Give a try to next awk script:

$ cat 1.txt
chr1 14765298 14766727 def
chr1 16759093 16760238 def
chr1 16759236 16760238 def
chr1 20782516 20784428 him
chr1 20989962 20991078 her
chr2 31672150 31673532 abc
chr2 33157721 33158124 abc
chr3 34542283 34542962 abc
chr3 38248682 38251416 abc
chr4 58562053 58567653 abc
$ cat 2.txt
chr1 21438731 21439423 26.12
chr1 33939851 33940673 34.76
chr1 36779864 36780494 20.16
chr1 36817091 36817917 27.22
chr2 36977015 36977908 19.27
chr3 40475125 40475885 21.58
chr3 40483838 40484616 15.3
chr4 40502827 40503675 10.61
chr4 40532299 40533156 14.78
chr5 43593022 43594143 24.33
$ cat script.awk
BEGIN {
        if ( ARGC != 3 ) {
                print "Usage: awk -f script.awk <file1> <file2>"
                exit 0
        }
}

FNR == NR {
        f1_data[ FNR ] = $0
        next
}

FNR < NR {
        for ( i = 1; i <= length( f1_data ); i++ ) {
                split( f1_data[ i ], fields )
                if ( fields[1] != $1 ) {
                        next
                }
                substraction = fields[2] - $2
                if (substraction >= -1000000 && substraction <= 1000000 ) {
                        for ( j = 2; j <= length( fields ); j++ ) {
                                f1_line = (f1_line ? f1_line " " : "" ) fields[j]
                        }
                        printf "%s %s %d\n", $0, f1_line, substraction
                        f1_line = ""
                }
        }
}
$ awk -f script.awk 1.txt 2.txt 
chr1 21438731 21439423 26.12 20782516 20784428 him -656215
chr1 21438731 21439423 26.12 20989962 20991078 her -448769
1 Like

Hi Birei,

Thanks for your time.

But, it is not producing any output. All I get is a blank output. I did exactly what you have written.

Sure?

Same input and same awk program? Try debugging with prints inside the script to see where it fails.

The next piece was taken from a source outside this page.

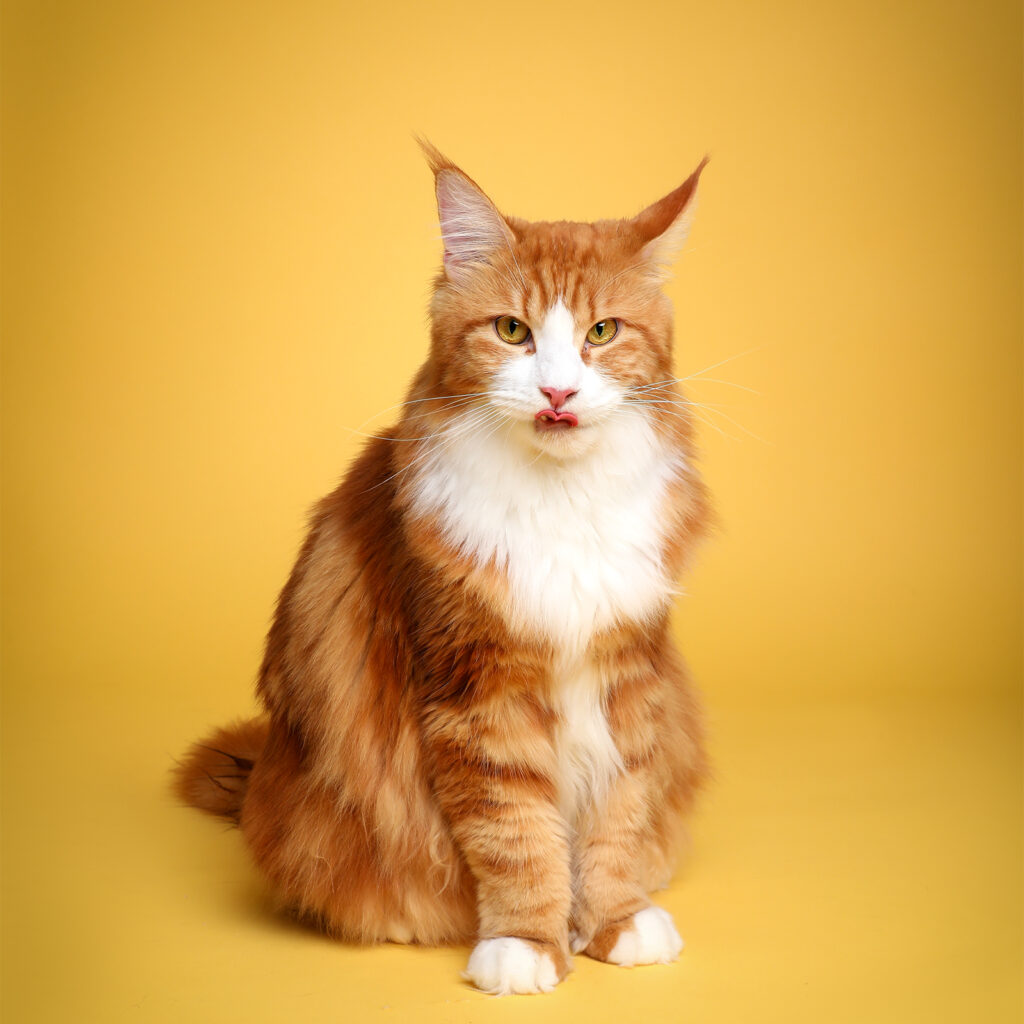 Singapore pet photography photographer, dog cat photo studio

I can't help much because I can't reproduce your problem, but post your OS and awk version, and perhaps other users have any idea.

1 Like

Hi Birei,

I tried using gawk -f script.awk and it works only for the input files. When I try it with other files, it doesn't do anything.

I doubt if the input files in this post are space separated.

Mine are tab separated.

Any thoughts?

Thanks again.

Ah, ok. So it works as I posted it. It was strange otherwise.

Tabs shouldn't be a problem, because awk splits automatically in any space character, but they will have any other issue. Post an example that doesn't work.

OK. This is what I have checked so far.

The space or tabs doesn't matter. I checked it.

The gawk or awk doesn't matter. I checked it.

When the limit is -1000000 to 1000000, it works fine.

But, when I change it to -5000 to 5000, it doesn't.

I am checking this script on an already done files. I got 161 records using -5000 to 5000 range using the same two input files.

But, this script doesn't generate anything.

I know it is weird. Any thoughts?

Post both input files (part of them) and expected output to see where the script fails.

My files have more than a million records.

I just checked the script with those records that are between -5K and 5K range.

It works fine.

But, when I give the main files, it doesn't generate anything.

What do you think? :wall::wall::wall::wall:

Without seeing the data which doesn't work, it's extremely difficult to say.